C’est probablement pourquoi l’Ukraine s’est empressée de préciser avoir utilisé ses meilleurs drones navals. "Ces drones contrôlés à distance via une connexion par satellites Starlink bénéficient depuis leur mise à jour de 2025 d’une reconnaissance d’obstacles assistée par intelligence artificielle et d’un suivi automatique de cible amélioré", explique Patrick René Haasler, analyste spécialisé dans l’espace post-soviétique à l’International Team for the Study of Security (ITSS) de Vérone.
Il est cependant crucial de s’assurer que ces navires ne transportent pas de pétrole au moment de l’impact. "Les drones Sea Baby transportent d’importantes charges explosives de 850 kg, ce qui peut entraîner des ondes de choc capables d'endommager les navires à proximité, tout en créant d’importants dégâts environnementaux si le cargo est rempli de pétrole", souligne Patrick René Haasler.
Vers un conflit global ?
Malgré ces risques, les attaques ukrainiennes contre la "flotte fantôme" russe sont compréhensibles, selon Patrick René Haasler : "La Russie est en train de renforcer les défenses de ses infrastructures énergétiques contre les attaques de drones ukrainiens.
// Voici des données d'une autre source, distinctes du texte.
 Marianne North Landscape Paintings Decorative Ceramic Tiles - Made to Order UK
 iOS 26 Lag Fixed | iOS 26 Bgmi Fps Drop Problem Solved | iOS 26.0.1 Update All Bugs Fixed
L’Ukraine a pu se dire que les opérations contre ces installations risquaient d’être moins efficaces à l’avenir, ce qui a pu l’amener à considérer ces cargos comme des cibles de choix".
La "flotte fantôme" peut sembler une cible d’autant plus attractive que "ces cargos doivent, par définition, conserver leur indépendance et naviguer aussi discrètement que possible. Ils sont donc difficilement défendables par la Russie", souligne Basil Germond. Moscou, qui refuse de reconnaître l’existence d’une "flotte fantôme", ne va pas les faire escorter par des navires militaires russes ou y faire embarquer des militaires russes.
Il n’empêche que si les services de renseignement ukrainiens sont bel et bien à l’origine des explosions ayant endommagé le Mersin au large des côtes sénégalaises, l’opération constitue une véritable extension du domaine du conflit russo-ukrainien au delà de la mer Noire ou de la Méditerranée.
De là à monter une opération à plus de 5 000 kilomètres de Kiev ? "Les Ukrainiens ont déjà par le passé été impliqués dans des opérations contre des mercenaires russes, notamment au Soudan", souligne Dirk Siebels.
Pour lui, c’est un effort qui se justifie si le jeu en vaut la chandelle : "Si l’Ukraine veut faire passer le message que les navires qui acceptent de transporter du pétrole russe ne sont à l’abri nulle part, c’est le genre d’opération qui peut marquer les esprits."
S’il s’agit bien d’une opération ukrainienne, "on peut surtout se demander si cette guerre n’est pas entrée dans une nouvelle phase, celle d’un conflit global", s’interroge Basil Germond. Une guerre qui ne reste plus confinée aux frontières ukrainiennes, ou même de l’Europe avec la guerre hybride russe, mais qui s’aventure jusque dans les eaux de l’Atlantique au large de l’Afrique.